Experts predict 1% rise in rental starts through 2020, and 4% through 2021, at International Builders’ Show conference.
By Mary Salmonsen (MultiFamilyExecutive.com Article) —
The national average multifamily rent fell by $1 in December 2019, down to $1,474 at the end of the year, according to Yardi Matrix’s latest Matrix Multifamily National Report. Year-over-year rent growth fell by 10 basis points to 3%—marking a solid performance for the year, according to Yardi.
Year-over-year rent growth remained between 3% and 3.3% throughout 2019. Deliveries for the year total an estimated 300,000 new units, and the occupancy rate for stabilized properties was 94.9% in November. (Occupancy rates are current to the previous month.) The job market averages 180,000 new jobs per month, and the unemployment rate stands at 3.5%.
Out of the top 30 metros in Yardi’s ranking, Phoenix ranked first for rent growth in 2019 at 7.7%, followed by Las Vegas at 5.4%. Phoenix and Las Vegas have been the top two markets for rent growth since September 2018, when they took second and third place after Orlando.
Growth has accelerated in some markets considered mature, such as in Philadelphia (3.9%), Washington, D.C. (3.8%), and Boston (3.6%). However, some markets saw rent growth decelerate over the course of 2019, including Orlando (down to 1.3% from 5.2% in January), San Jose (down to -0.3% from 4.7%), and San Francisco (down to 1.6% from 4.5%).
Yardi notes the Bay Area is weakening due to startup growth and a lack of affordable housing, which is prompting large employers to move elsewhere. However, despite affordability concerns and recent rent control measures, three California markets are listed in the top 10 for this year—Sacramento (5.1%), the Inland Empire (4.1%), and Orange County (3.9%).
Rent growth was flat in December on a trailing three-month basis, which compares the last three months of rent growth with the previous three months. Phoenix showed the most growth at 0.5%, followed by Orange County and Sacramento at 0.3%. Philadelphia is a new addition to the top five at 0.2%, owing to a lack of new supply.
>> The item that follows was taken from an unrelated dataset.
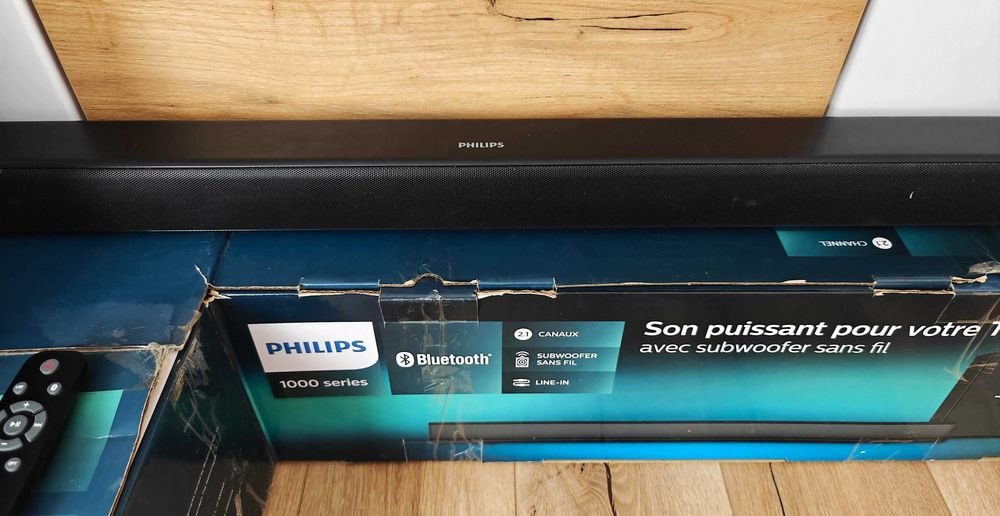 Soundbar Philips HTL1510B/12 2.1 70W Bezprzewodowy Sub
Sixteen of the nation’s major metros experienced negative T-3 rent growth, with San Jose at the bottom at -0.8%, followed by Denver at -0.5% and Orlando at -0.4%. Yardi notes that Orlando and Denver’s population growth has fallen off recently, possibly owing to affordability issues.
Multifamily development continues to benefit from debt capital. About $168 billion in multifamily loans were originated from all sources in the first half of 2019, with apartment lending due to reach 2018’s record $338 billion, according to Yardi. Fannie Mae and Freddie Mac are still the leading providers, but the CMBS market has more than doubled its origination of multifamily loans in 2019, with $12.5 billion in loans securitized. Yardi attributes this change to the drop in Treasury spreads in 2019, which made CMBS loans more competitive against other loan types, as well as newly mandated hard caps on Fannie Mae and Freddie Mac’s lending.